● Task instructions:
A faithful, complete transcript of the entries below, without pictures, should be returned.

|---|

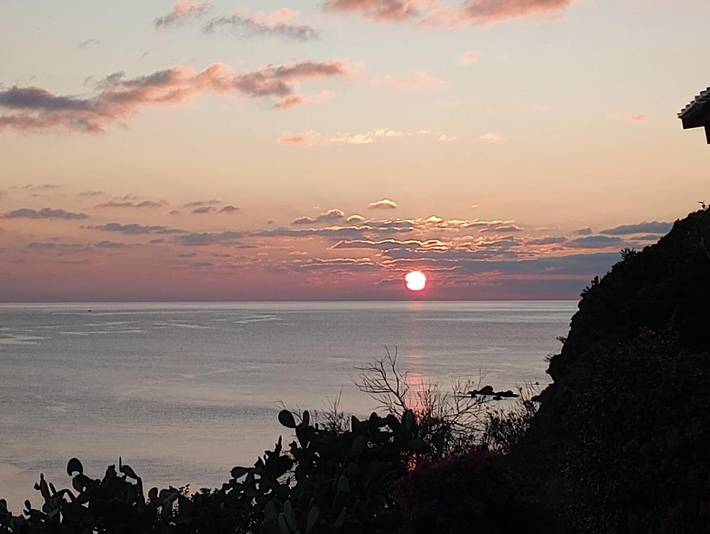 Location de vacances pour 6 personnes, avec jardin ainsi que vue sur le lac et vue à Santa Marina Salina - 4
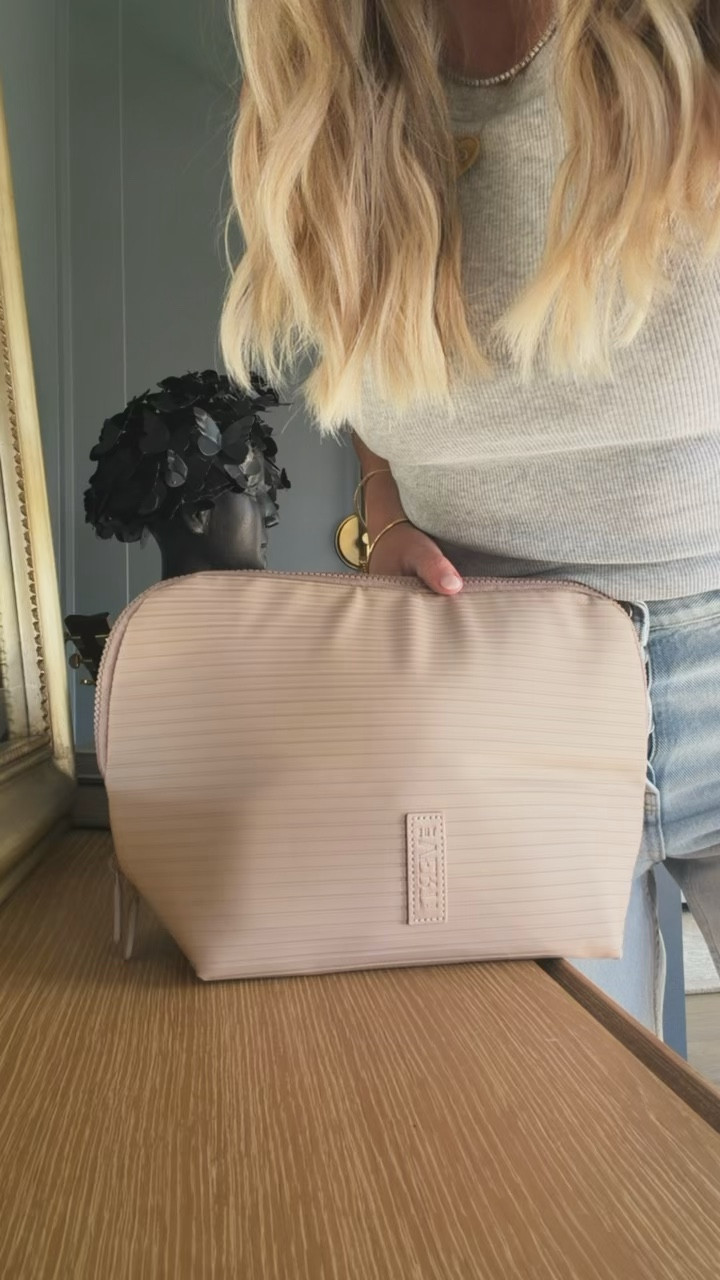 Makeup bag of my dreams 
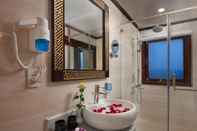 Phòng tắm bên trong Halong Silversea Cruise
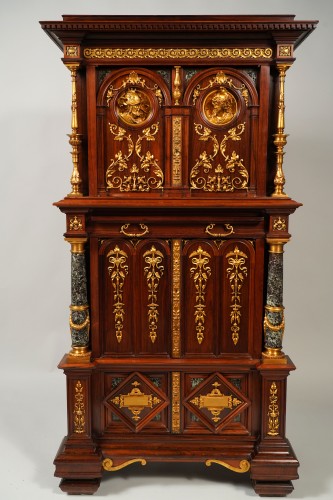 Cabinet Neo-Renaissance, E.Lièvre et P.Sormani, France circa 1870 - Mobilier Style Napoléon III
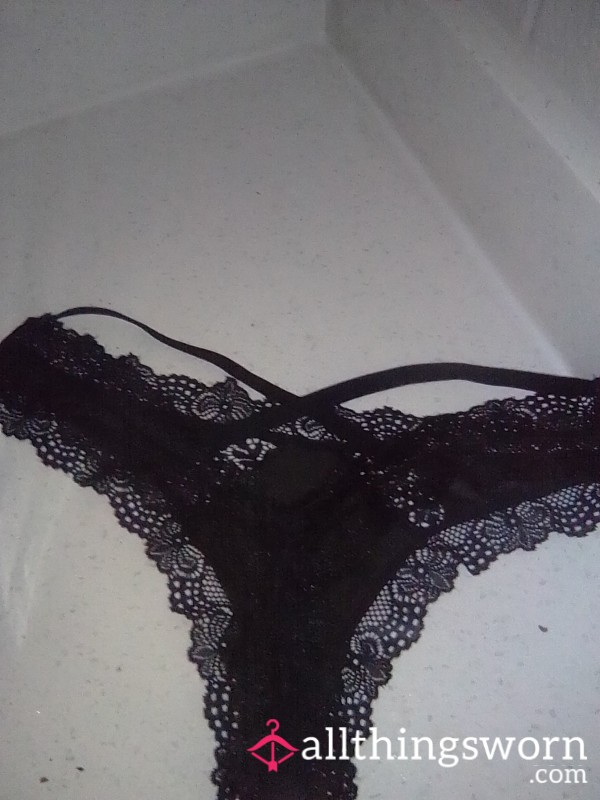 Sweaty And Hot...the Day I Wore These And They Stayed Up My Bu*t All Day While Hiking To The Waterfall With My Girls!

|---|

● Solution:
 Location de vacances pour 6 personnes, avec jardin ainsi que vue sur le lac et vue à Santa Marina Salina - 4
 Makeup bag of my dreams 
 Phòng tắm bên trong Halong Silversea Cruise
 Cabinet Neo-Renaissance, E.Lièvre et P.Sormani, France circa 1870 - Mobilier Style Napoléon III
 Sweaty And Hot...the Day I Wore These And They Stayed Up My Bu*t All Day While Hiking To The Waterfall With My Girls!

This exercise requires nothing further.